The electric car company started delivering to customers its Model Y vehicles in March 2020, and the entry-level vehicle — which, along with 2017's Model 3 sedan — is designed to transform Tesla from a niche automaker to a mass-market manufacturer.
During the company's second-quarter 2020 earnings call last week, Tesla CEO Elon Musk claimed the company could make changes to the Model Y design that would help the company achieve a major goal. In essence, if one can make the Model Y faster, one can make more of them.
"We're really changing the design of the car in order to make it more manufacturable. The fundamental architecture of Model Y will be different in Berlin. It may look the same, but the internals will be quite different and fundamentally more efficient architecturally than what we've done to date."
The company is also taking steps to improve its manufacturing process at its existing Fremont facility in California. This facility, which at one point belonged to General Motors, was purchased by Tesla in 2010 and became its first full-scale factory.
"The world's biggest casting press is getting assembled right now, actually, in Fremont for the Model Y rear body casting. It's enormous and it looks awesome."
Musk teased more about this new casting process during the previous quarterly earnings call. He explained the company is developing a new casting system where "essentially the rear third of the body is cast as a single piece." Musk claimed that "no casting of this size or complexity has ever been done before."

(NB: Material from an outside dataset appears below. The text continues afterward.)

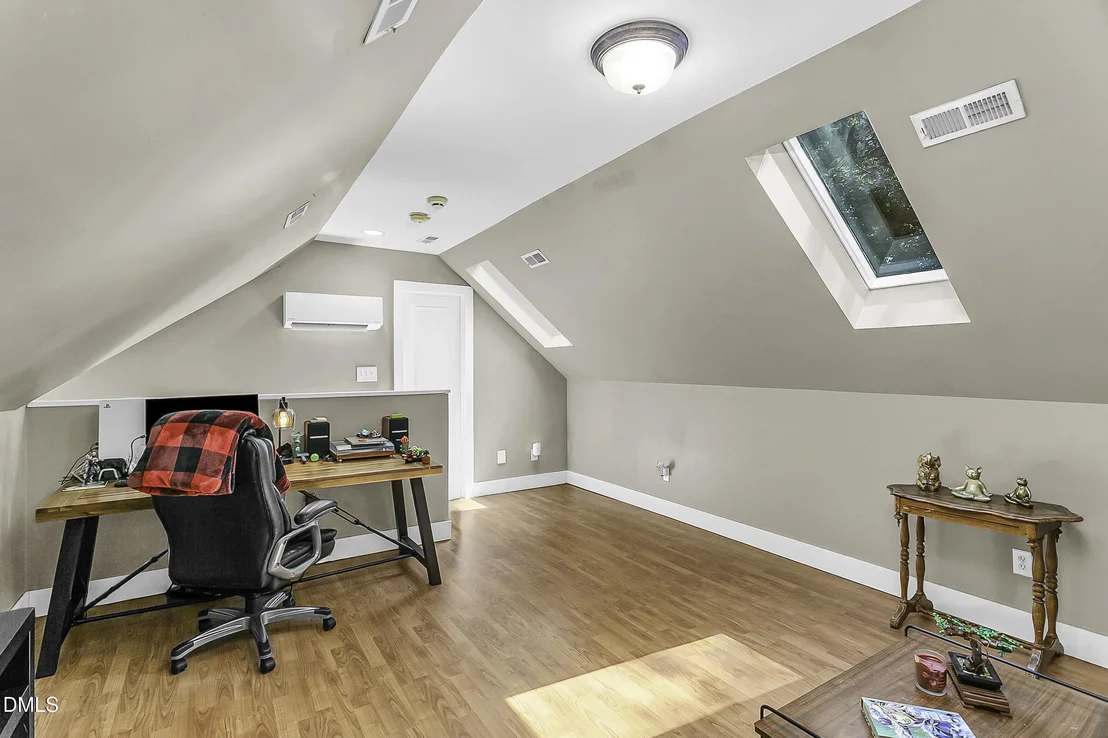 Photo of 8 Rabbit Path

The comments suggest that, while the Model Y has already started making waves in the marketplace, Tesla is not done with changes just yet. As part of the company's plan to produce more electric vehicles at speed, Musk has spoken before about how the Model Y is being designed for ease of manufacturing. In May 2019, Musk said the vehicle would be a "manufacturing revolution" when compared to the Model 3.
The vehicle's launch has been a lot smoother than its Model 3 predecessor. At the time of the latter vehicle's release in July 2017, Tesla was making around 2,000 Model S and X vehicles per week. Musk set the goal of reaching an output of 5,000 cars per week, a period in the company's history dubbed "production hell." Tesla ultimately met this goal 12 months after launch. The Model Y had a comparatively subdued launch by comparison, and Tesla claimed it was the company's first vehicle to reach profitability in its first quarter of production.
Tesla is currently undertaking a mission to build more factories around the world for these entry-level vehicles. The goal will be to reduce the complexity at individual factories by enabling them to focus on local consumers. A new facility in Shanghai handed over the first vehicles in January 2020. Within the next 18 months, Tesla is expected to bring a further three facilities online. Factories have been announced for Berlin and Austin in Texas.
The Inverse analysis — The Tesla Model Y could end out as the company's most popular vehicle, which means smooth manufacturing is key. The number one type of vehicle in the United States is the crossover, according to data from Statista. Musk claimed in January that demand could be 50 percent higher versus the Model 3.
It had a relatively quiet launch, it's having relatively quiet success, and its design looks pretty similar to the original Model 3. But in terms of reaching more EV-curious buyers and transitioning more drivers to clean energy, the Model Y could be Tesla's most exciting vehicle yet.